L’architecture, plus simple, est plus précoce. Elle se contente de quelques lignes courbes ou droites, de quelques plans symétriques et bien tranchés ; elle n’exige pas, comme la sculpture, l’intelligence des rondeurs fuyantes et de l’ovale le plus compliqué et le plus bosselé. Des âmes incultes, réduites à quelques sentimens forts, peuvent être remuées et se manifester par elle ; peut-être est-elle leur expression propre. En effet c’est dans les âges demi-barbares, au temps de Philippe-Auguste et d’Hérodote, qu’elle a trouvé ses formes originales, et la civilisation complète, au lieu de la soutenir et de la développer comme les autres arts, l’a plutôt appauvrie ou gâtée.
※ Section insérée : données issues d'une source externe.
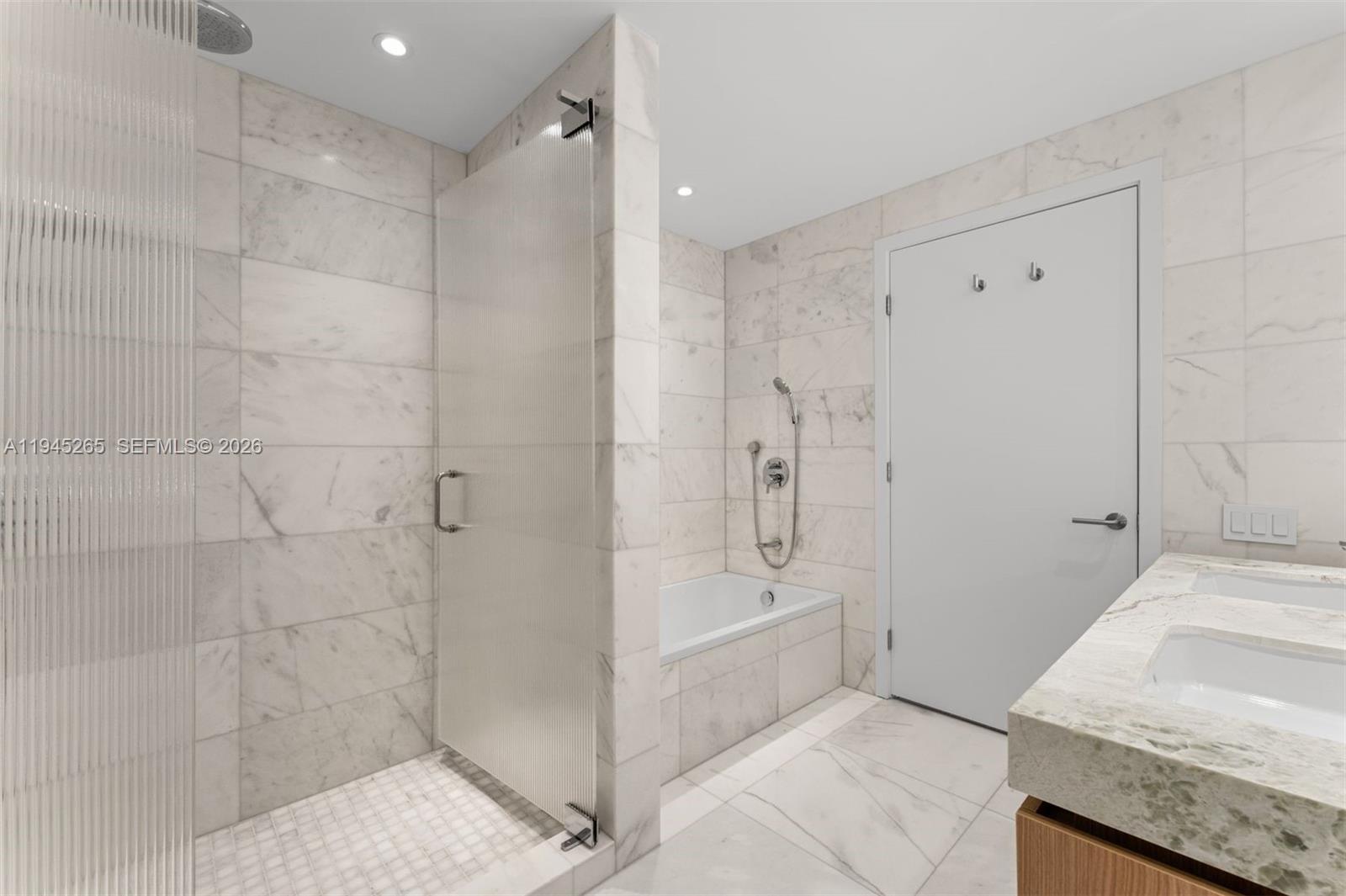 500 Alton Rd #2105, Miami Beach FL 33139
Au dedans comme au dehors, San-Zenone est d’un grand caractère, austère et simple ; on y sent une basilique romaine qui se fait chrétienne. La nef centrale s’appuie sur des colonnes rondes dont les chapiteaux barbares, enveloppés de feuillages, de lions, de chiens et de serpens, soutiennent une ligne d’arcades circulaires ; et sur ces arcades s’élève un grand mur nu qui porte la voûte. Jusqu’ici, la structure est latine ; mais la nef, par sa hauteur extrême, laisse dans l’âme une émotion religieuse. Son plafond bizarre est une triple gouttière treillissée de bois sombre, marquetée de petits carrés, étoilée de blanc et d’or, qui allonge ses creux superposés avec une fantaisie inattendue et sauvage. Au-dessous d’elle, le pavé, plus bas, rejoint le portail et le chœur par de hauts escaliers munis de balustres, et les différences de niveau brisent et compliquent l’aspect de toutes les lignes. La capricieuse imagination du moyen âge commence à s’introduire dans l’ordonnance régulière de l’architecture ancienne pour y troubler les plans, multiplier les formes et transformer les effets.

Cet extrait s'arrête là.